Y es interesante que el cambio climático los haya alarmado; en este sentido, “ponemos de relieve que la adaptación al cambio climático representa una prioridad mundial inmediata y urgente”.

En cuanto a la “economía verde”, se afirma que es uno de los instrumentos más importantes para lograr el desarrollo sostenible y que podría erradicar la pobreza. Además de tener su propio espacio, es el tema transversal y omnipresente en el documento, de forma expresa o implícita, que deja translúcida la preocupación por la crisis económica. Y es como una repetición del significado y requerimientos del desarrollo sostenible, un llover sobre mojado. Y sin embargo, también quedó verde, con mucho por madurar.
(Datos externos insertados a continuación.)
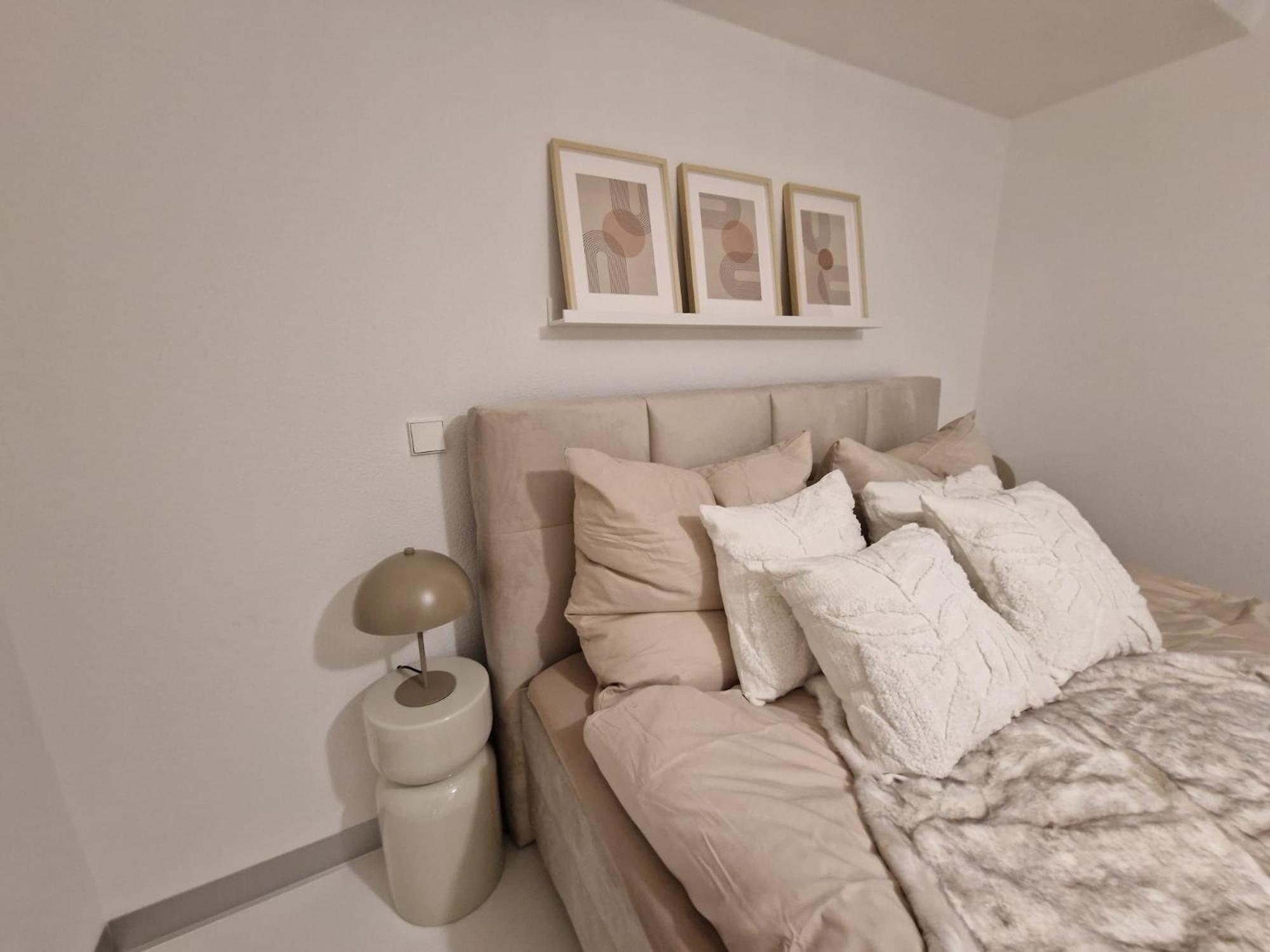 Stuttgart Lux Living - Stilvolles Wohnen Im Zentrum 객실 사진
En síntesis, el documento hace un recuento de los problemas y compromisos. Entre otros temas incluye: biodiversidad, océanos y mares, deforestación, montañas, bosques, residuos, educación, igualdad entre los géneros y empoderamiento de las mujeres, capacitación, agua y saneamiento, energía, turismo sostenible, ciudades y asentamientos humanos, empleo pleno y productivo, reducción del riesgo de desastres, minería, salud y población.

En cuanto a los medios para la ejecución y el financiamiento, reafirma los señalados en el Programa 21. Y reitera que “cada país debe asumir la responsabilidad primordial de su propio desarrollo económico y social y que nunca se insistirá lo suficiente en la importancia del papel que desempeñan las políticas nacionales, los recursos internos y las estrategias de desarrollo.” Y reconoce “la necesidad de una movilización importante de recursos procedentes de diversas fuentes y el uso eficaz de los fondos a fin de apoyar firmemente a los países en desarrollo en sus esfuerzos por promover el desarrollo sostenible.”

Para los líderes participantes y para la ONU, el resultado es una serie de principios, acciones y estrategias para una transición hacia una “economía verde inclusiva”, que tenga en cuenta el combate a la pobreza y la preservación del medio ambiente. Pero sin plazos, ni metas ni compromisos concretos, ni financiamiento. Una declaración tan general, como “una visión sobre la cual podemos construir nuestros sueños” para “el futuro que queremos”.